Sure. Both were Medusa. One was a vaccine program and the other was for a therapeutic protein. I don't remember off the top of my head, how long they'd been in the pipeline. I think it's been over a year, maybe 2007 for both of them. Again, I think it's a wise decision on our part because, as I said in response to a question from Matt Kaplan, ceasing work on those two projects will have absolutely no economic impact on Flamel of any kind, and in fact is likely to be a positive because I can move those scientists to some of the new stuff that we expect to be coming in very shortly.

Tom Weissenborn - Credit Suisse

Steve, just one other follow-up. I mean you got the $4 million milestone payment from GSK during the quarter. Are there any other time-based milestones that you could get from GSK with regard to COREG?

Stephen Willard

No, that was the last one. The $4 million is reflected in the net income number, but not in the cash number. The cash will be reflected in the second quarter. That's it for milestones from GSK. We'll just be getting royalties as the sales of the product continue.

Tom Weissenborn - Credit Suisse

Can you tell us anything anymore about any other additional milestones that you might get from Merck Serono?

Stephen Willard

I would love to but I can't, because the terms of that are confidential. We do have an excellent relationship with Merck Serono across more than just the product on which we got the EUR5 million in February. We asked them for the opportunity to disclose further information on a fairly regular basis. It is solely within their discretion. I think you hoped create the impetus to try to get as much out in terms of information through metrics and otherwise and that continues to be a top priority to try to get our partners to share more and more with you, the investors.

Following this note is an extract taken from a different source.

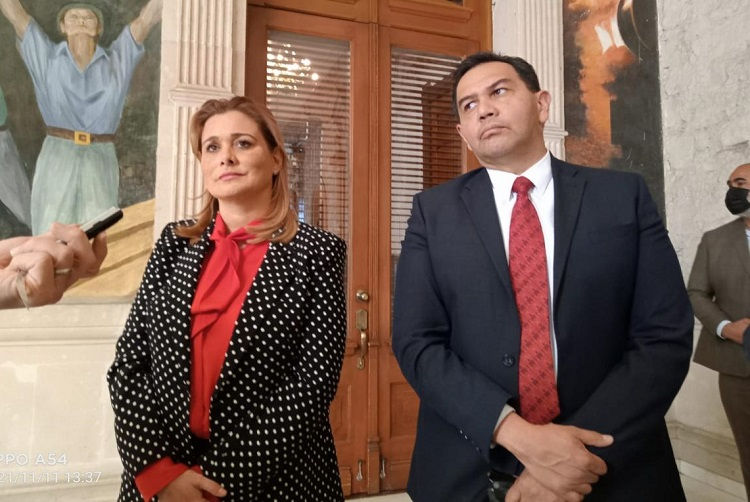 Ciudad Juárez, Cruz Pérez Cuellar, Maru Campos, Política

Tom Weissenborn - Credit Suisse

Can you tell us with regard to that, Steve, whether some of those milestones might be time-based like they are or like they were with GSK or achievement-based?

Stephen Willard

Virtually all of them are achievement-based with regard to the largest Merck Serono program.

Operator

Ladies and gentlemen, this concludes the question-and-answer session for today. Mr. Willard, I'll turn the call over to you for any closing remarks.

Stephen Willard

Certainly. Thank you very much. I would like to make a small personal comment. I will be giving the Q2 conference call by myself without Siân Crouzet in August because very happily she is expected to deliver a baby later this month. I would like to thank her for her dedication and being with us on this call. She is a fine professional. I wish her very well as she delivers her baby and returns to us as soon as she and the baby are ready.

I would also like to say that, while I think this is a very good quarter and it certainly shows continued progress, what we have done is follow a very careful plan that I have tried to lay out for you, our investors the past six quarters. This is not a particular event that was unusual because we were lucky.

We have been building a very strong diversified foundation. I think that the kind of results that we've explained to you this quarter are the result of a year-and-a-half's worth of work. We hope that that work will continue to provide excellent results as we go forward.

Thank you very much for your interest in Flamel Technologies and we'll speak to you soon.

Operator

The conference has concluded. Thank you for your participation. You may now disconnect.